In 2006, a crumbling GOP majority in Congress proposed a series of measures with no hope of passage, but were designed to stir up the Republican voter base. In the Senate, there was a constitutional amendment to ban flag-burning. In the House, there was a bill to prevent federal courts from ruling the Pledge of Allegiance unconstitutional. Democrats, in contrast, talked about issues people were actually concerned about: a war that was going badly, an economy that was weakening and a multitude of GOP scandals. The Republican attempt to change the subject of the campaign failed to stave off catastrophe for the party in the midterm elections.
In 2010, Democrats are doing what Republicans did four years ago. This week, they held a predictably futile vote on the Defense Department’s don’t-ask-don’t-tell policy for homosexuals in the military service. Democrats also rolled into the same vote the DREAM Act. That’s the Democratic proposal that grants an amnesty to certain illegal immigrants attending college here and allows their schools to admit them at a tuition rate that is lower than the out-of-state rate charged to American citizens. These measures are strictly designed to energize the Democrats’ left-wing base in an election year. The DREAM Act, in particular, will likely be touted in a series of Spanish-language television ads for Democrats in western states.
\Meanwhile, the House GOP has unveiled its 2011 legislative agenda in a “Pledge to America.” It is far from perfect, but it is an encouraging sign that Republicans, like the Democrats of 2006, are talking about issues voters actually care about right now: out-of-control federal spending, excessive taxes and the backroom deals that characterized the passage of Obamacare and other legislation in the 111th Congress. The Pledge includes repeal of Obamacare and replacing it with reforms that put consumers back in charge of their relationships with their doctors and their health care. There are also spending cuts, and a promise to post the final versions of bills online for 72 hours before the House votes on them.

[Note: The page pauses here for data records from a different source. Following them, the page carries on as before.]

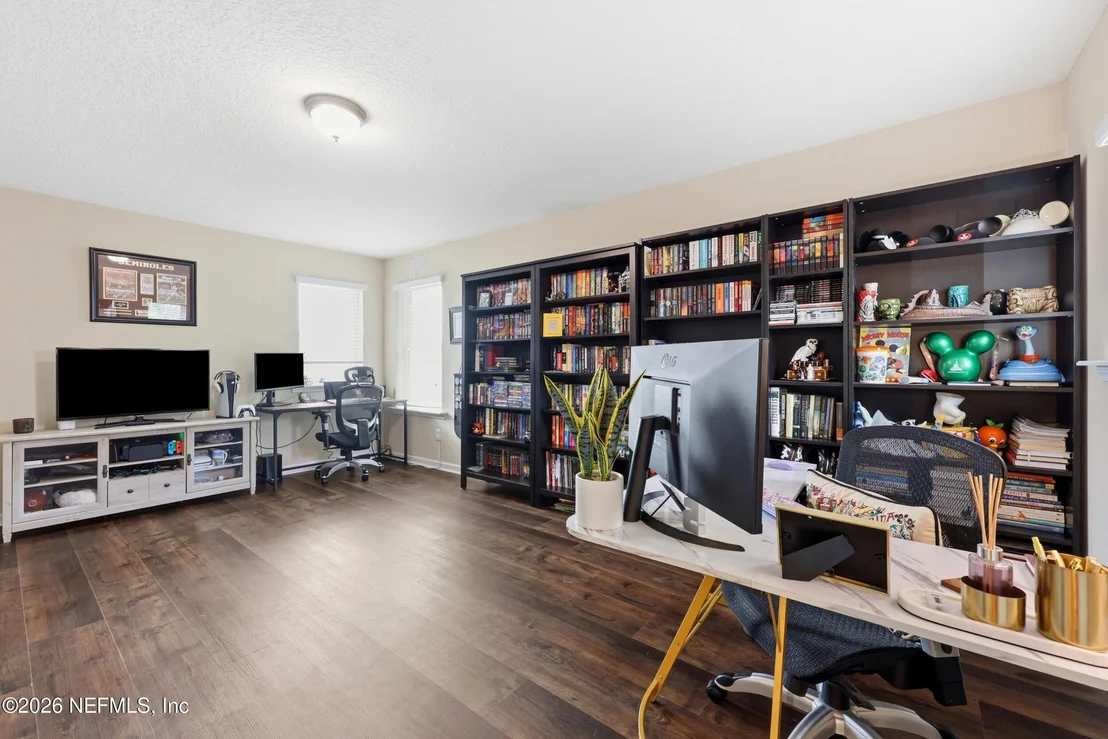 Photo of 2056 ARDEN FOREST Place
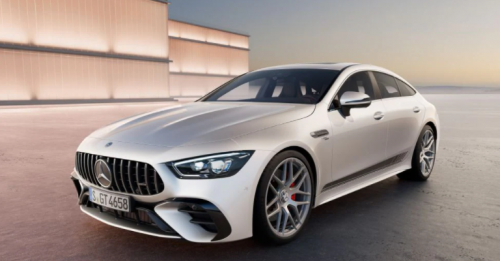 amg4c.png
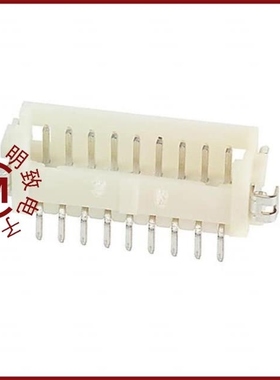 DF13A-9P-1.25H(21)/DF13A-9P-1.25H(51)/DF13B-8P-1.25V(21)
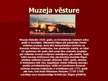 Prezentācija 'Ārzemju mākslas muzejs', 5.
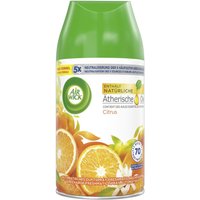 AIRWICK Raumduft-Nachfüller Citrus 250,0 ml von AIRWICK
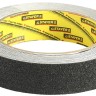 Клейкая лента, STAYER Profi 12270-25-05, противоскользящая, 25мм х 5м,  ( 12270-25-05 )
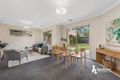 Property photo of 2/7 Edith Avenue Croydon VIC 3136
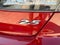 2013 Mazda Mazda3 s Grand Touring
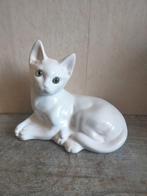 Katten beeldje, Ophalen, Zo goed als nieuw, Dier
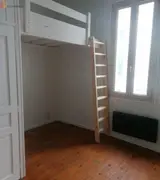 Miniature 3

The Pledge contains a lot of common-sense ideas. The large tax deduction the House GOP promises for small businesses, for example, will do far more to boost Main Street commerce than President Barack Obama’s billions in new government-guaranteed business loans. And the freeze on stimulus spending is particularly appropriate, given the failure of Obama’s $814 billion stimulus package to generate private sector job creation. On Nov. 2, voters will have a choice between the substantive proposals in the Republican pledge, and more of the same kind of legislative gimmicks they saw from Democrats this week.